Super Typhoon Sinlaku (2026) rapidly intensified into one of the strongest storms on the planet this year, peaking as a Category 5-equivalent super typhoon with sustained winds estimated near 180–185 mph.

It made landfall in the U.S. Northern Mariana Islands (Saipan and Tinian) on April 14–15 as a powerful Category 4 with ~150 mph winds, delivering destructive gusts, 15–30+ inches of rain, storm surge, and widespread flooding.

Anthony Watts’ piece on ClimateRealism.com (April 17, 2026) nails it: the Post avoided the reflexive “climate change made it worse” narrative that often dominates storm coverage. Instead, it stuck to the physics and natural variability.

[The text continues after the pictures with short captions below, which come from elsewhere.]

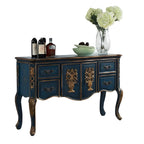 Console de rangement en bois "café français" avec tiroirs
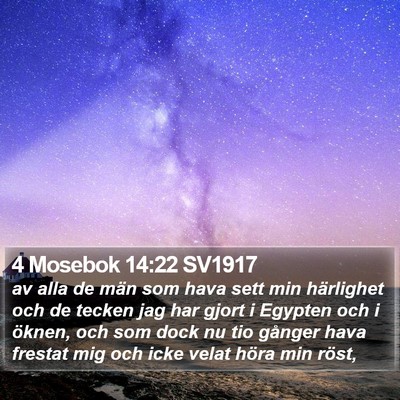 4 Mosebok 14:22 SV1917 Bible Verse Image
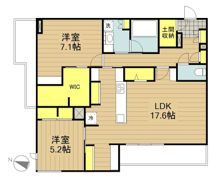 桜橋グランデの間取り画像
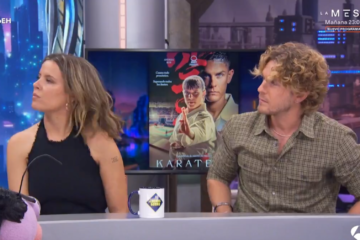 Patrick Criado y Andrea Ros presentan ‘Karateka’ en ‘El Hormiguero’ con la presencia de Sandra Sánchez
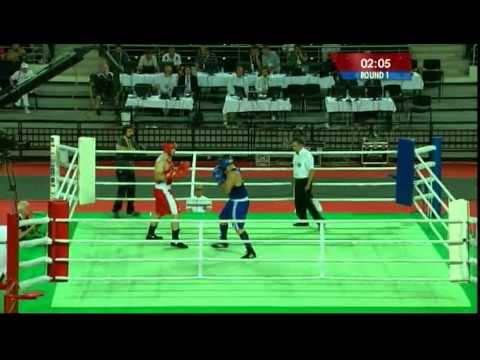 Semi-Final - Session 2 - Men's Super Heavy (+91kg) 2 - AIBA European Confederations Championships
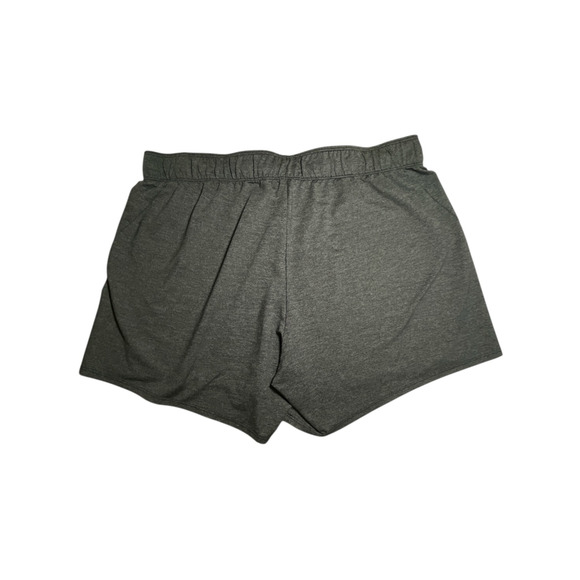 Nike Dri Fit Dry Training Shorts Gray Grey Womens Size Extra Large XL Elastic - Picture 3 of 12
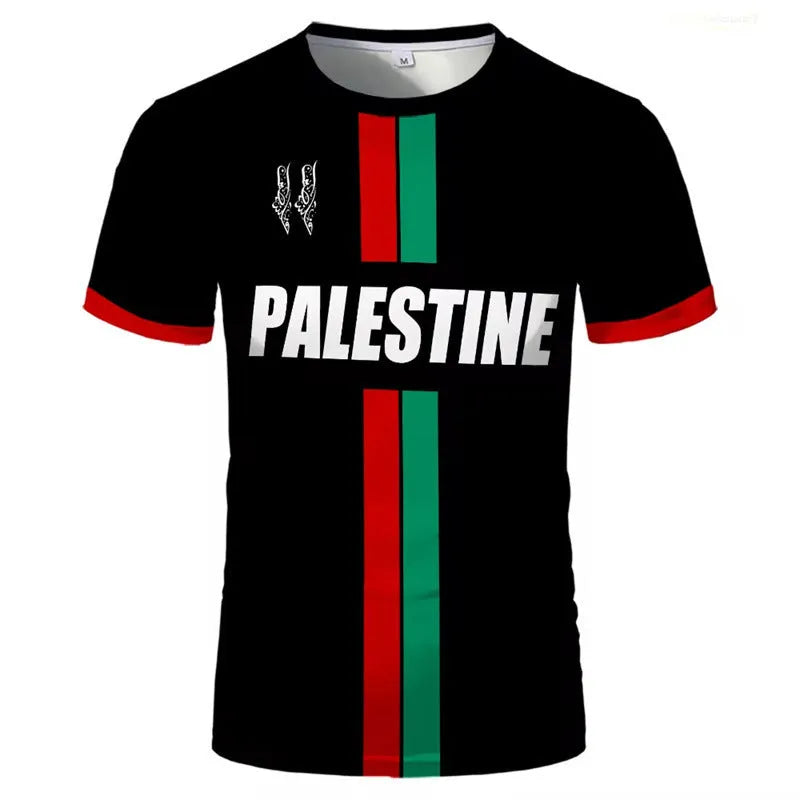 3D printed football T-shirt with raised graphic design in black or white colour options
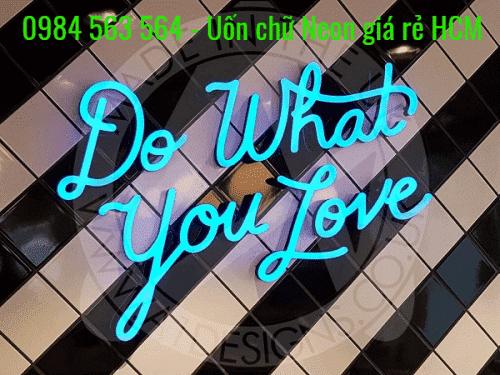 Địa chỉ uốn chữ neon sign công nghệ LED giá siêu rẻ ở HCM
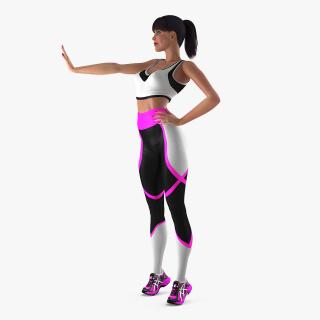 3D Fitness Instructor model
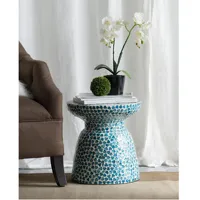 Offre spéciale Table d'appoint/tabouret en nacre Conception OEM Décoration personnalisée à la main Meubles de maison de l'usine du Vietnam directement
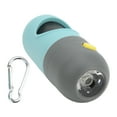 thumbnail image 1 of Poop Garbage Bag Holder, Dog Waste Bag Dispenser Environmental Friendly With LED Flashlight For Dog Walking, 1 of 8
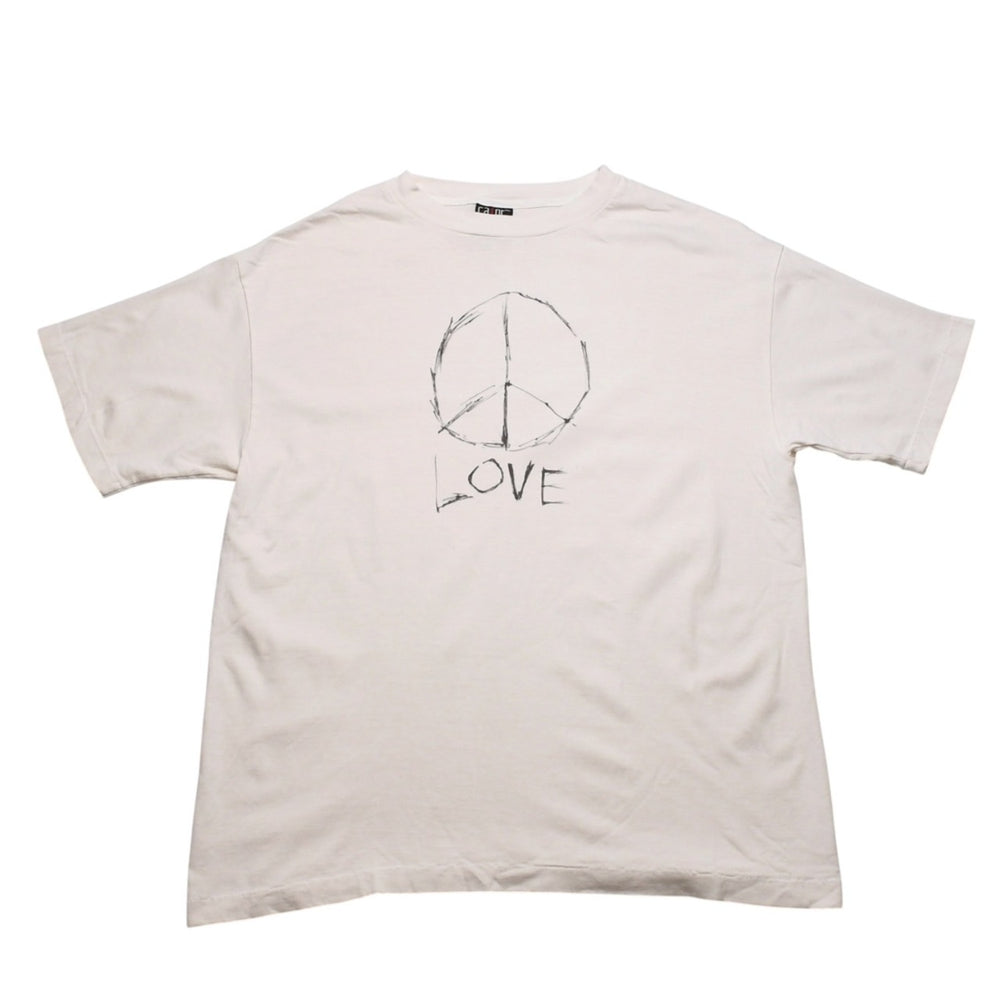 Brand new, unused SAINT MICHAEL LOVE &  PEACE Love&ピShort-sleeved T-shirt, size XL, SAMPLE, ivory, used, 4a002170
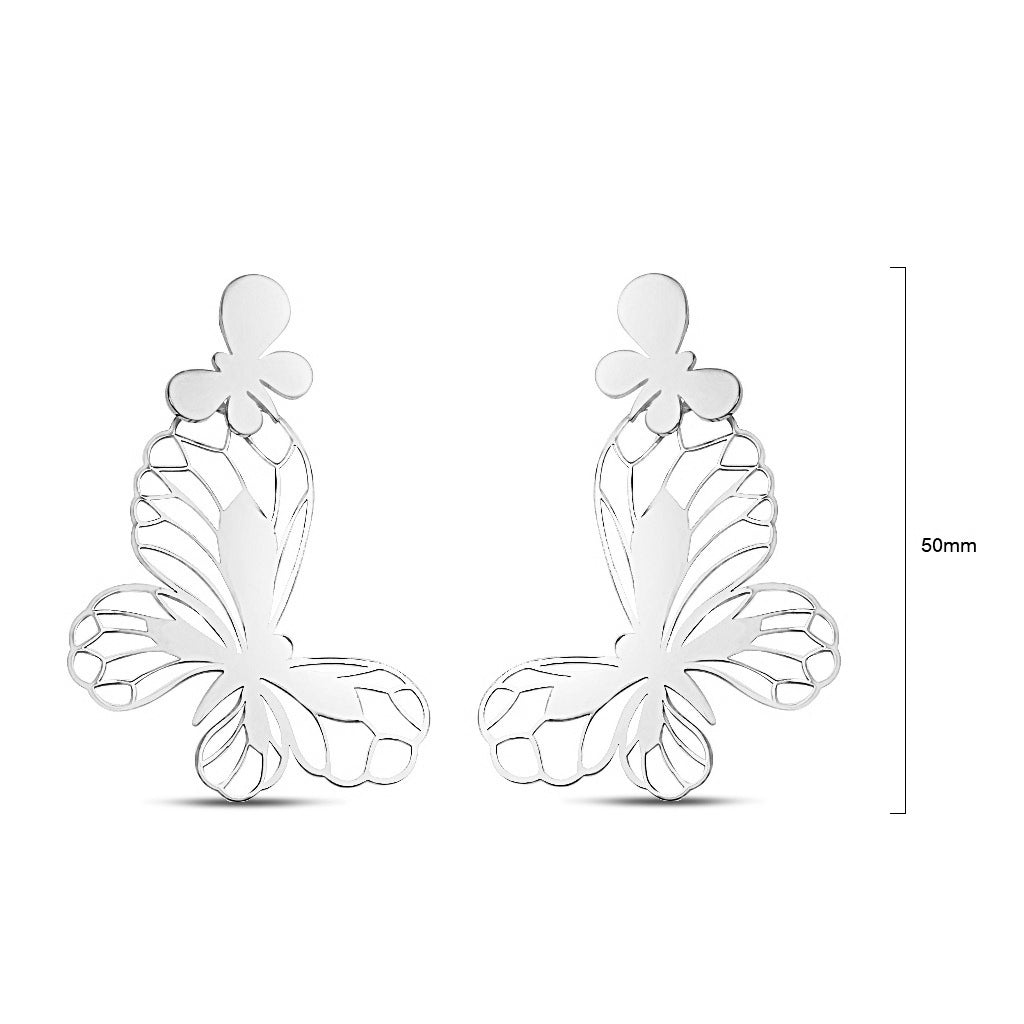 Filigree Butterfly Drop Earrings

Early-season super typhoons are unusual but documented in the historical record (e.g., pre-satellite era events).

Western Pacific seasons have long varied dramatically with El Niño/La Niña cycles—busy during strong El Niños like 1997—independent of gradual greenhouse-gas trends. Local ocean heat content and atmospheric setup drive individual storm intensity far more than any marginal global warming signal on short timescales.

This is responsible journalism: it informs the public about real dangers and recovery needs without politicizing a deadly weather event affecting U.S. territories. Recovery will be tough for the ~50,000 residents of Saipan and Tinian, but the focus remains on facts over alarm. Kudos to the Post for getting the science right.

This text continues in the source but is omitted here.